George Driscoll, vice president of marketing and sales in The CAT’s Portland office, said more than half of the 76,000 CAT passengers in 2009 took the ferry out of Portland; the others boarded in Bar Harbor. By his estimates, The CAT pumped $7 million into the Greater Portland economy in 2009.

But the high-speed ferry service (a one-way trip to Yarmouth was five and half hours versus 11 hours on the slower Scotia Prince ) failed in its quest to get a $6 million to $7 million subsidy from the Canadian government to operate in 2010. Mark MacDonald, president and CEO of Bay Ferries Limited, owner of The CAT, announced the service was discontinued on Dec. 15.

The loss of the service means more than just fewer options for travelers to get to Nova Scotia. According to Clegg, Bay Ferries Limited leased the Ocean Gateway terminal for $103,000 in 2009. Unless another ferry service is found, she says the city will not recover that money.

By comparison, cruise ships paid the city $33,000 in berthing fees in 2009 whenever they tied up at Ocean Gateway, she says. The city also logged $59,000 in revenue during fiscal year 2009 from weddings and events held at the terminal. She says the facility, which has a maximum occupancy of 500 people, is expected to generate $65,000 in this fiscal year.

All tallied, the city received about $195,000 in revenue from the terminal last year, $85,000 shy of its $280,000 annual debt service on the structure. Portland ponied up $4.1 million to build the terminal, with the federal government contributing $4.5 million and the state paying more than $12 million. Clegg says the city is scheduled to pay off its portion of the Ocean Gate terminal project by 2028.

Seeking other tenants The decision to develop the Ocean Gateway International Marine Terminal was well-thought out and a decade in the making, an innovative use of a former Bath Iron Works dry dock that had been used to repair Navy ships, says Clegg.

But not everyone was on board with the decision or the cost.

As much as his business has benefitted from cruise ship visitors, Steve DiMillo, whose family owns DiMillo’s restaurant on the waterfront, says he never liked the city’s decision to spend so much money to build a facility that will never generate revenue year-round.

Besides the cruise ships and a ferry service, DiMillo says, “I don’t really have another use for it.”

Like Haggett, he would prefer to see the city get another vessel similar to the Scotia Prince or the Prince of Fundy to serve Portland because they generated more business for him than The CAT.

Haggett says better still, landing the USS Kennedy would create a year-round tourist draw at the Ocean Gateway terminal. Such an attraction would bring plenty of military reunions and visitors who would stay in the city for two or three days, he says. A group supporting the effort to bring the warship to Portland, JFK for ME, recently announced its application passed the Navy’s first round of testing.

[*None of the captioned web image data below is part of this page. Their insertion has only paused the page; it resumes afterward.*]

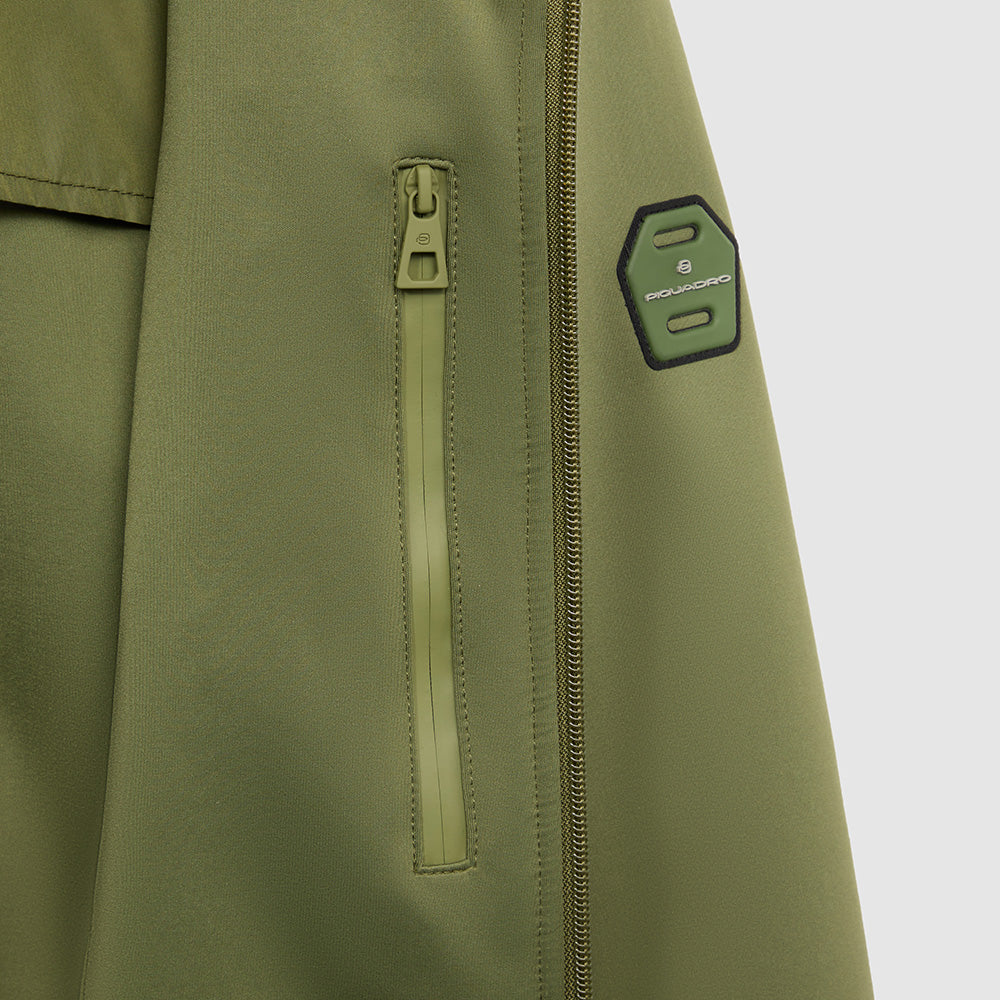 Jacket with knitted fabric hood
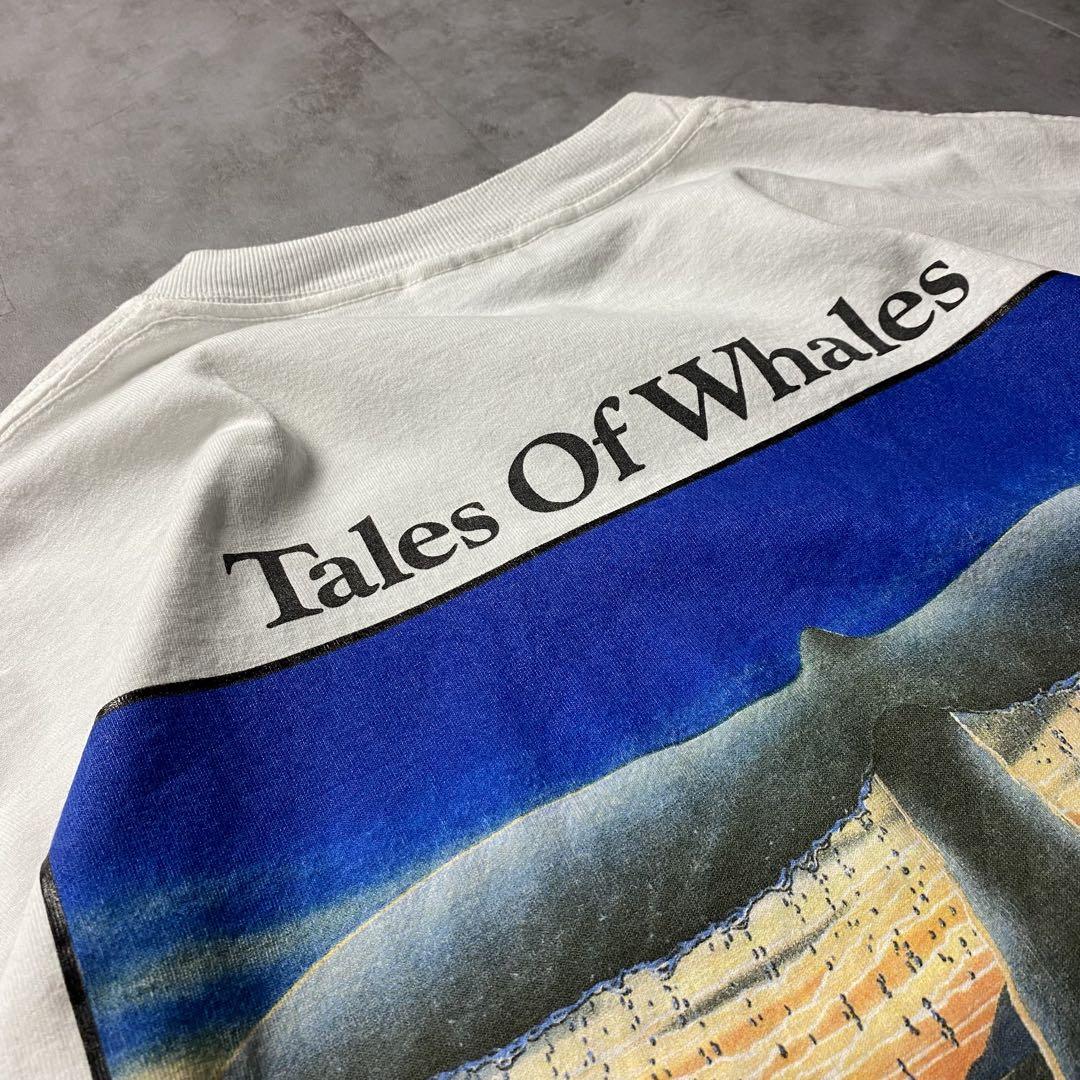 【入手困難】00s アート 鯨 バックプリント Tシャツ メッセージ 風景 海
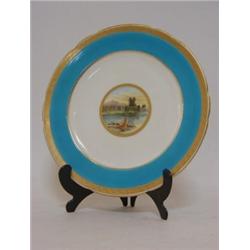 A MINTONS CABINET PLATE, late 19th Century, circular painted view of a ruin, raised gilt and turq...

Beitzer, whose group represents 485 businesses, including 154 retail shops and more than 100 restaurants in the Old Port and the Arts District, says she’s looking forward to the completion of the second mega berth so larger cruise ships will be able to be in port, rather than in the harbor where they have to use launches to taxi visitors to and from the city.

Some of those tourists will likely find their way to the convention bureau’s visitor information center at the Ocean Gateway terminal, which is maintained from March to October and will continue to be staffed regardless if The CAT service is restored, Whitten says. The Ocean Gateway terminal provides tour buses and individual travelers with a place to park, stretch their legs and get information about the city.

Like Beitzer, many hope those visitors will be captivated by the Ocean Gateway terminal’s views of Portland harbor, the impressive sight of large cruise ships in port and the terminal building’s architecture, which features towering glass windows.

“It’s a beautiful, unique space,” Beitzer says.